Tuesday, 1 May 2012

Documents in Possession of Advisors May Not Be Producible

Often, documents are sought from a party that may be in possession of that party's professional advisors, e.g., lawyers, accountants, etc.  The basis for this request is R. 7-1(11) and (14), which provide for production of documents "that are or have been in the party's possession, power or control".  The application of these provisions was recently considered in The Owners, Strata Plan No. VIS3578 v. Canan Investment Group Ltd., 2012 BCSC 607, with what may be somewhat surprising results.

Because the defendant advised that documents sought by the plaintiff were no longer in its possession, the plaintiff sought an order to require the defendant "to make inquiries of various unspecified professionals such as accountants, solicitors and tax advisors who provided services to [defendant] at the relevant time concerning the enumerated documents, and to attempt to obtain the documents from these professionals."

Considering this request, the court accepted that "power or control" includes "all documents which, though not in the party's possession, he has a right to obtain from the person who has them": Lacker v. Lacker (1982), 42 B.C.L.R. 188 (S.C.).  Moreover, the court also accepted that it this principle has been applied to documents in possession of a lawyer because the agency relationship with the client: Jones, Gable & Company Limited v. Price (1977), 5 B.C.L.R. 103.  Nevertheless, the court dismissed the application on the basis that the plaintiff did not present any evidence regarding the nature of the retainers with these professionals; holding that "Depending on the nature of the retainer, there may or may not have been an agency relationship."

Although likely appropriate in the unique circumstances of this case, the overall correctness of the decision seems less clear.

First, it arguably presents an association fallacy, as it seems to hold that because documents in possession of a lawyer are documents in a party's power or control because of an agency relationship between the party and the lawyer, an agency relationship is therefore a requirement of power or control.   

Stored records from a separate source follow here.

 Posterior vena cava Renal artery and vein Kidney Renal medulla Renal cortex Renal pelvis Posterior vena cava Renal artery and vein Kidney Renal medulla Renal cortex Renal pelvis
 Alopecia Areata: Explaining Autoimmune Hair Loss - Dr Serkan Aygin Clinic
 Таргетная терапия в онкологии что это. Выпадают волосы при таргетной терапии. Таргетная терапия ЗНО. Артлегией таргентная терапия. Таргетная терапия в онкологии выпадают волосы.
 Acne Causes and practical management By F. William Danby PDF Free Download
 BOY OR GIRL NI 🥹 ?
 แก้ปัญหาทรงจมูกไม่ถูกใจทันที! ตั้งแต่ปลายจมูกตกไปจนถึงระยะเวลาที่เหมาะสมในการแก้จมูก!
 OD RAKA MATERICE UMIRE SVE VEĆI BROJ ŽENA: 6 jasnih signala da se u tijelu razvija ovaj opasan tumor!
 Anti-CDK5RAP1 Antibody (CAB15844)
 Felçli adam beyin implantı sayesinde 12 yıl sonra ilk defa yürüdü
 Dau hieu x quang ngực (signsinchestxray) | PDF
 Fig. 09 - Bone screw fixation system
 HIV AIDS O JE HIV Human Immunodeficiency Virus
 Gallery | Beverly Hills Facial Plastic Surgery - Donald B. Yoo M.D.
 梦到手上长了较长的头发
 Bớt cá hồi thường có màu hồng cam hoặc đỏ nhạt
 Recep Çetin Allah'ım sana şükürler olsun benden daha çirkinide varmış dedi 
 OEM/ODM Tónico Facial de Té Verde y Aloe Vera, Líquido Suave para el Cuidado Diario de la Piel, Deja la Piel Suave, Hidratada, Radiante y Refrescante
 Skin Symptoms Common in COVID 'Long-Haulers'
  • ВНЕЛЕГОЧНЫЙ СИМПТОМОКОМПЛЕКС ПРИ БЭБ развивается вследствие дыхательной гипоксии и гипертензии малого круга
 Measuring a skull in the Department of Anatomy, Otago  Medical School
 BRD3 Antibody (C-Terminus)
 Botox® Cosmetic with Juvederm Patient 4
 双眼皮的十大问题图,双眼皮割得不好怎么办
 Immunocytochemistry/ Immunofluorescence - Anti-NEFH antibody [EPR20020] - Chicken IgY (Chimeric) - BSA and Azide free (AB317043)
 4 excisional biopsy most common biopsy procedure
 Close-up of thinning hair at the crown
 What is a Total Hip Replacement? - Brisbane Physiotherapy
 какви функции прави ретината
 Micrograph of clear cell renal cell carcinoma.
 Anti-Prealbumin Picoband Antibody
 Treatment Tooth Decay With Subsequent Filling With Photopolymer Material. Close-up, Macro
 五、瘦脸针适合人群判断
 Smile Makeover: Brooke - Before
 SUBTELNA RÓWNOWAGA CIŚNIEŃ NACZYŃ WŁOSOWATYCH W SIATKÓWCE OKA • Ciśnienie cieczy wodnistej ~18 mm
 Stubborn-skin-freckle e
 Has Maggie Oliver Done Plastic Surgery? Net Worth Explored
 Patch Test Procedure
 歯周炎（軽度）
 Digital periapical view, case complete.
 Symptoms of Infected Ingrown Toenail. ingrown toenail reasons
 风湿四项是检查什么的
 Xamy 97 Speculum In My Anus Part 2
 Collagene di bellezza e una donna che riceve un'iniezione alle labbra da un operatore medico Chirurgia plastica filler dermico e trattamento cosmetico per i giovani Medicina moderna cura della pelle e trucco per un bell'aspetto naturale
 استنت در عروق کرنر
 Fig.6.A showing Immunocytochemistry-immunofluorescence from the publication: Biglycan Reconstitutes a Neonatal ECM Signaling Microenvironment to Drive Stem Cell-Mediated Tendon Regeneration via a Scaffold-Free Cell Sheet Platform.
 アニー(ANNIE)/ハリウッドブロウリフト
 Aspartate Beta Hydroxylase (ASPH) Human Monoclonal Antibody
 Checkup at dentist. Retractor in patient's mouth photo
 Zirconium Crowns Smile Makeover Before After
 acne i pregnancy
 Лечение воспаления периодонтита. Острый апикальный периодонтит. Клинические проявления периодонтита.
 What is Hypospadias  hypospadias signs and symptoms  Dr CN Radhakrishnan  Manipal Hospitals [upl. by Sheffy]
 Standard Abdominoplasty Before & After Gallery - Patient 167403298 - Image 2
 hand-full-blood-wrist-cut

Second, one wonders about the practicality of placing the onus to identify the other party's advisors and the nature of the retainers on the demanding party.  Where the other party refuses to provide this information, the demanding party will have little choice but to seek this information at an oral discovery, bring an application for documents on the basis of this information, and then seek to continue oral discovery with the newly produced documents.  Arguably, the principle of proportionality inherent in the new Rules suggests that a simpler procedure be adopted, such as the order sought by the plaintiff in this case.  After all, given that the defendant was uniquely aware of the identity of its advisors and the nature of the retainers, it is difficult to see what prejudice would come to it if the order was granted and the defendant was required to comply with its document production obligations by doing the necessary investigations.